Réveil instantané tous les sens en éveil. Yeux grands
ouverts, ventre noué, vous attendez la chute. Instant fugace avec la sensation
d’être suspendu dans le vide et l’attente interminable de l’impact. Dans un
bruit énorme, la coque retombe, tape et rebondit violemment sur une eau aussi
dure que du ciment. Le choc vous écrase sur votre siège. La secousse ébranle
tout le bateau. Vous sentez confusément l’effort des pièces qui, sous la
tension, s’étirent à la limite de leur résistance. Chacune est essentielle à
cet immense puzzle que constitue ce voilier de course. Tenir, il faut qu’elles
tiennent.
Mais déjà le bateau repart à l’assaut de la vague
suivante. L’inquiétude, la peur parfois. S’occuper la tête pour ne pas y
penser. Se dire que dans ces circonstances, on ne peut pas faire mieux. La
vitesse, l’allure, les réglages, tout est correct.

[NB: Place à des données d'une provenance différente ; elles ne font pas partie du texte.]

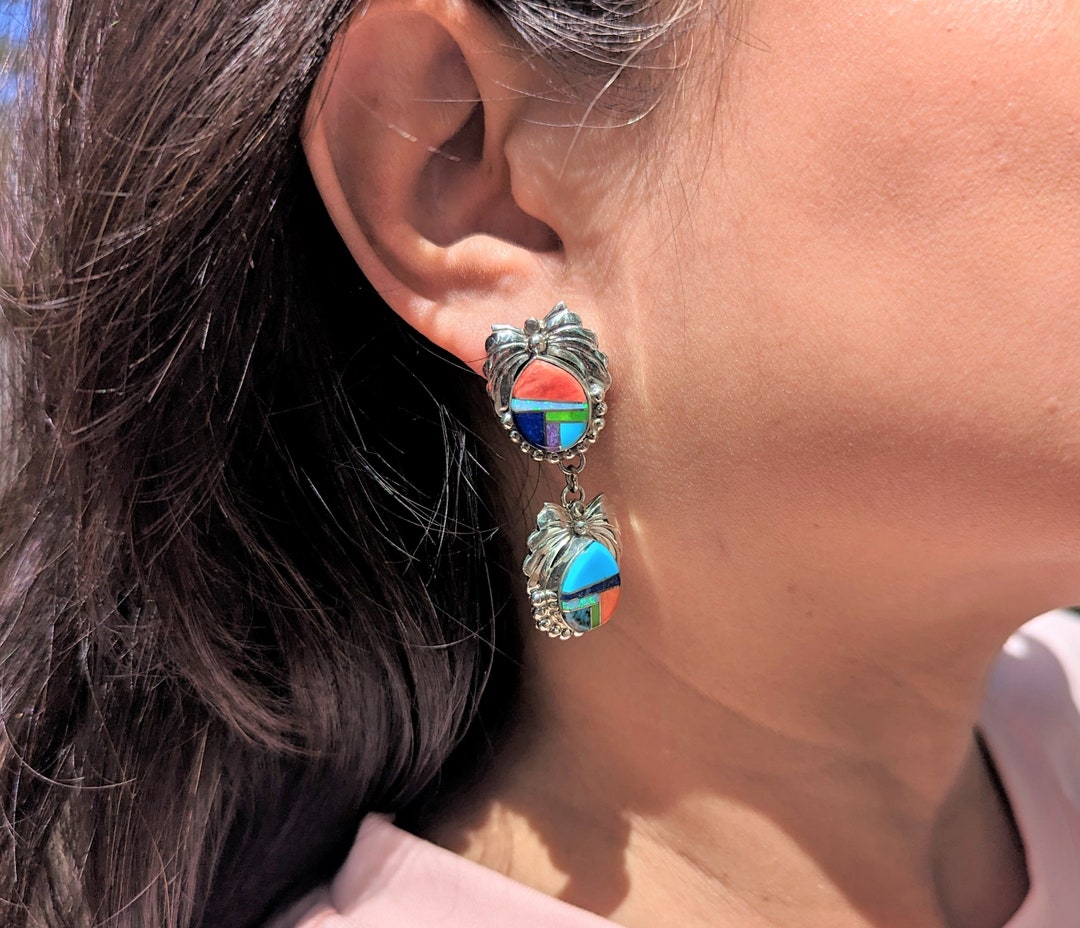 アート・デザイン・音楽 THE BEAUTY OF NAVAJO JEWELRY Navajo and Pueblo Jewelry Design: 1870-1945 by Paula Baxter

Dès la première nuit, la houle s’est creusée, et le
temps d’adaptation aux mouvements du bateau s’est réduit à sa plus simple
expression. Alors, l’organisme renâcle et s’exprime. La tension du départ n’a
rien arrangé. Apathie, somnolence, mal de tête, manque d’appétit, moral en
baisse, nausées. En résumé : mal de mer. Pas l’idéal pour affronter une
mer difficile.
Mais c’est ainsi, l’homme est un terrien. Bien campés
sur nos deux pieds, le poids du corps tout en haut, nous tenons debout. Mais
cette verticalité qui fait notre supériorité est un constant défi aux lois de
l’équilibre. Posez une bouteille à l’envers sur son goulot et vous aurez une
assez bonne idée de l’exploit que nous réalisons.

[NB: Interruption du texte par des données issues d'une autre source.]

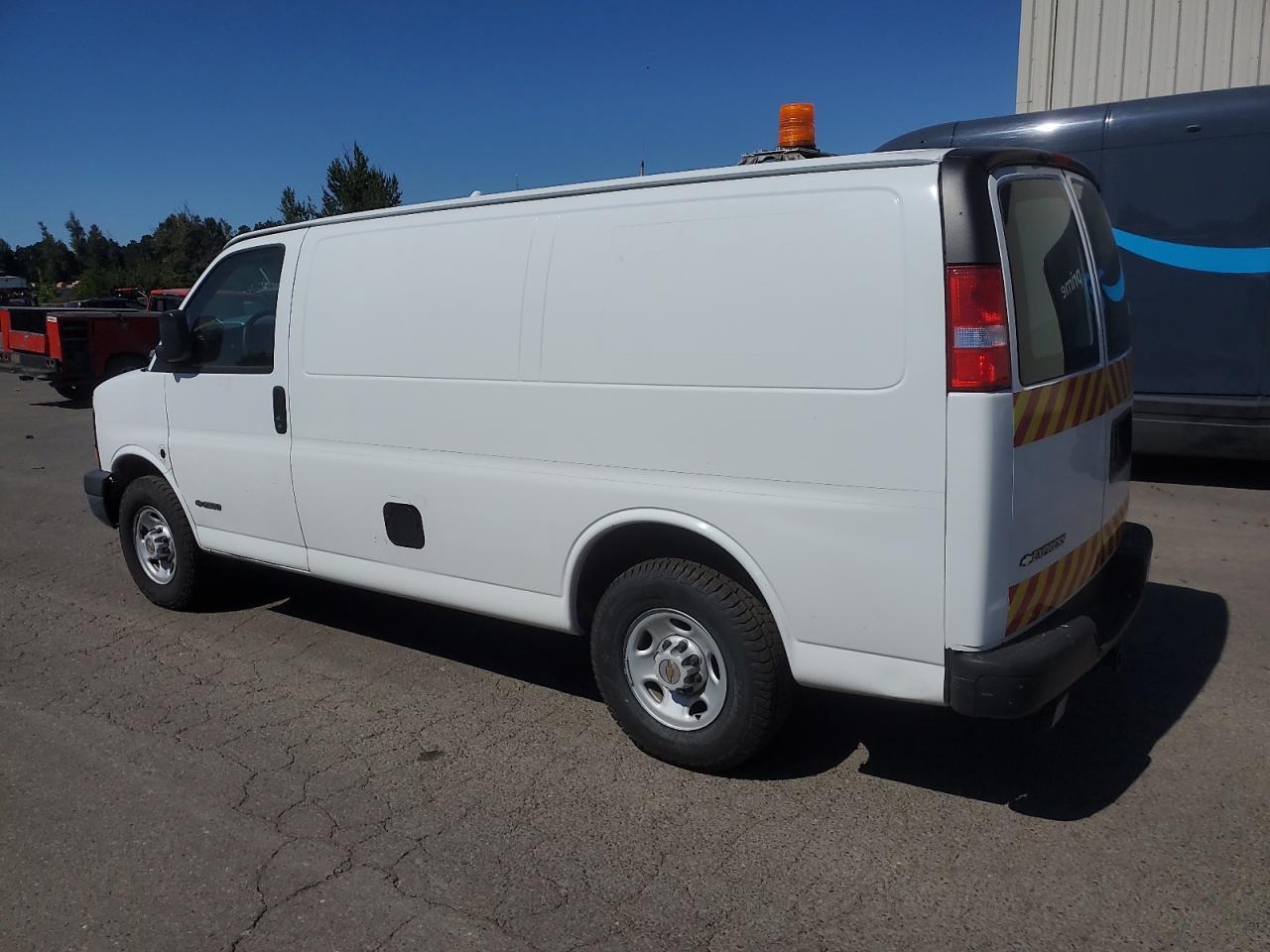 2004 CHEVROLET EXPRESS 2500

L’équilibre, piloté par le cerveau est un mécanisme
complexe avec le système vestibulaire situé dans l’oreille interne et ses 3
canaux semi-circulaires orientés chacun dans un plan de l’espace. Leur
fonctionnement peut se comparer à un niveau de maçon avec son ampoule et sa
bulle. Lorsque nous bougeons, les mouvements entraînent le déplacement des
bulles dans les ampoules. Imaginez des électrodes fixées dans chacune des
ampoules. Par l’intermédiaire d’un nerf, chaque électrode touchée par la bulle
envoie un signal au centre de l’équilibre. En intégrant les informations des deux
fois trois bulles, le cerveau perçoit la position du corps. Il est aidé en
cela par les informations provenant des yeux pour les repères géométriques
(vertical, horizontal). Les ligaments situés au niveau des pieds, des
chevilles, des genoux et du ventre renseignent sur la posture du corps, les
points d’appui et l’état du sol.
Toutes ces informations traitées instantanément
entraînent une réponse réflexe avec contractions ou relâchements des muscles,
pour un maintien correct de l’équilibre. La cohérence des réponses des
différents systèmes est donc essentielle au bon fonctionnement de l’ensemble.
Mais en bateau tout se complique. La belle harmonie
n’existe plus !
En effet, contrairement au sol fixe, le bateau est en
perpétuel mouvement. Bien qu’étant immobile, le corps bouge sans arrêt, car il
accompagne roulis et tangage. Les bulles suivent ces mouvements et transmettent
l’information au centre de l’équilibre. Mais du fait de l’immobilité, les ligaments
ne sont pas sollicités, ils n’ont donc aucune information à transmettre qui
pourraient confirmer celles des bulles.
Face à cette discordance, l’œil arbitre le débat grâce
aux repères géométriques comme l’horizon ou la côte.
Mais à l’intérieur, sans ces repères oculaires, la
situation est vite insurmontable et le flux d’informations en provenance des
bulles submerge le cerveau. Cela se traduit par un inconfort, des maux de tête,
des nausées. Pour évacuer cette surcharge nerveuse, une seule issue :
l’estomac, on connaît la suite… Le soulagement de « l’après » exprime
bien la diminution de la tension nerveuse.
Il faut du temps pour que le centre cérébral de
l’équilibre ignore les informations des bulles. En général au bout de 48 heures
tout s’améliore.
Quand on connaît les exigences d’un 60-pieds de course
au large, on ne peut qu’être admiratifs devant ces marins qui malgré cette
adversité continuent à gérer leur machine. Certains cachent leur mal de mer,
ils ont tort. Car être capable de dépasser, seul, ces difficultés est un
magnifique exemple de courage et de détermination."